> **What the task asks**:
In the entries below, find the line with "Share your ideas" and the line with "ATTA T04D0 墨水保养盒,兼容"; give again those lines and every line between them, exactly.

*** Opening of Records for the exercise ***

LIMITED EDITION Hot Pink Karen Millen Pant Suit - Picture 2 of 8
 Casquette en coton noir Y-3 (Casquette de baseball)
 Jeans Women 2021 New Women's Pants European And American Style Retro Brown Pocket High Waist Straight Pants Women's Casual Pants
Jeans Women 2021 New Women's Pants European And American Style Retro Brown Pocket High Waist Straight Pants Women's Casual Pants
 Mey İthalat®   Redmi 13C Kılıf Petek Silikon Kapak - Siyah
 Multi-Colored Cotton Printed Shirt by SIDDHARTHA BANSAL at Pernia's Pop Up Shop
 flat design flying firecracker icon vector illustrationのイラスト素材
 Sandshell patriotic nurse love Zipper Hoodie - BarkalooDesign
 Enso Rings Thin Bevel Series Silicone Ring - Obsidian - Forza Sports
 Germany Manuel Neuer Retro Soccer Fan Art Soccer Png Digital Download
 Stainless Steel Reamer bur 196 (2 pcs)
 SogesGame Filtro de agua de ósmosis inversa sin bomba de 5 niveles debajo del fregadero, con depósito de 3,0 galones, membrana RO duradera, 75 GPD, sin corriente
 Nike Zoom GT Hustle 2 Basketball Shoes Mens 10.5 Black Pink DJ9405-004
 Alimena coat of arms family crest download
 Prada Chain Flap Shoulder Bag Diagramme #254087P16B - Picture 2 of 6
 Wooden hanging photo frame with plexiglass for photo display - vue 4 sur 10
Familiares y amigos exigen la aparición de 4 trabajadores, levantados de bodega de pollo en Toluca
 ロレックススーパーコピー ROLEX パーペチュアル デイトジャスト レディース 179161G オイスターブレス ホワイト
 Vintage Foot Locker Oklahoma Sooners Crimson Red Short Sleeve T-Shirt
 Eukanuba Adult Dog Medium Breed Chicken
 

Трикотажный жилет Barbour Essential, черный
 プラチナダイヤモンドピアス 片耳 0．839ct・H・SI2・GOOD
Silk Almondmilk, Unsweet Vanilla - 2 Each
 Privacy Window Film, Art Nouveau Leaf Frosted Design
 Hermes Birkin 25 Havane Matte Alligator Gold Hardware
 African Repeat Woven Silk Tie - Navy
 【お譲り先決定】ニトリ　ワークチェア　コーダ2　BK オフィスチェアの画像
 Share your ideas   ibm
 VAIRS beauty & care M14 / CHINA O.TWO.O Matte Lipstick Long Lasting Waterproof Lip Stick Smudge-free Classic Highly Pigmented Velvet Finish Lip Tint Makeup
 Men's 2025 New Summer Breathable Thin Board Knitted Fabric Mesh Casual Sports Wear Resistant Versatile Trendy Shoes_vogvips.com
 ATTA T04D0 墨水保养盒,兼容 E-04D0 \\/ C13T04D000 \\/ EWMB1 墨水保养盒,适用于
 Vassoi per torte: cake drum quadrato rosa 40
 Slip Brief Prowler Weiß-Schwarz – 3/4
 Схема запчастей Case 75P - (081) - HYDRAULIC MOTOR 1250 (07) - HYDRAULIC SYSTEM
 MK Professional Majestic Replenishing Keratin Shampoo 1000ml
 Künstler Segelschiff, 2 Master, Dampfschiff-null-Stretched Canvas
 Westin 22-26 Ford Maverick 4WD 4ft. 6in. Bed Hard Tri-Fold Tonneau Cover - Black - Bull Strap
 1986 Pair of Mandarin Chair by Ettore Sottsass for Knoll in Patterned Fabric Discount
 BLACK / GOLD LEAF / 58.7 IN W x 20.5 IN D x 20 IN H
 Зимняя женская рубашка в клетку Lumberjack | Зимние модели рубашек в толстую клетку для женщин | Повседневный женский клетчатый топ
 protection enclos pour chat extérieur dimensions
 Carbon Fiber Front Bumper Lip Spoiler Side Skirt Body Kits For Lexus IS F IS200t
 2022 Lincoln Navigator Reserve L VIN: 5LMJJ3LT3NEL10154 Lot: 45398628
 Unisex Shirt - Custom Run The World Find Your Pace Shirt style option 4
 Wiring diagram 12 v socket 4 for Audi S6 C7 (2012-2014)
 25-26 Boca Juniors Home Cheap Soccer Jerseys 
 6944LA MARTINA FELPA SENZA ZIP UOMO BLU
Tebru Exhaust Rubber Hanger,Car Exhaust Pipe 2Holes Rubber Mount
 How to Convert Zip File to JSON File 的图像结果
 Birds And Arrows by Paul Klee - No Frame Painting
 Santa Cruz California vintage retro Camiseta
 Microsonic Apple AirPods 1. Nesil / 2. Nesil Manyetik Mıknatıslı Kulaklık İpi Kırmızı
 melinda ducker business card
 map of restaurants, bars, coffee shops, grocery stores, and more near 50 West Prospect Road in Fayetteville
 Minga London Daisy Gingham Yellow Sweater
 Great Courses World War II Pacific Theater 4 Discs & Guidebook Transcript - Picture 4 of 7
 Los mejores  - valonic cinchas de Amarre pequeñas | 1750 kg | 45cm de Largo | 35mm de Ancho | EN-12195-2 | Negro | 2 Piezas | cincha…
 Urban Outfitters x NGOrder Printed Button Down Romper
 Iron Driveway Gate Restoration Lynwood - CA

*** Close of Records for the exercise ***

> **Solution to the exercise**:
 Share your ideas   ibm
 VAIRS beauty & care M14 / CHINA O.TWO.O Matte Lipstick Long Lasting Waterproof Lip Stick Smudge-free Classic Highly Pigmented Velvet Finish Lip Tint Makeup
 Men's 2025 New Summer Breathable Thin Board Knitted Fabric Mesh Casual Sports Wear Resistant Versatile Trendy Shoes_vogvips.com
 ATTA T04D0 墨水保养盒,兼容 E-04D0 \\/ C13T04D000 \\/ EWMB1 墨水保养盒,适用于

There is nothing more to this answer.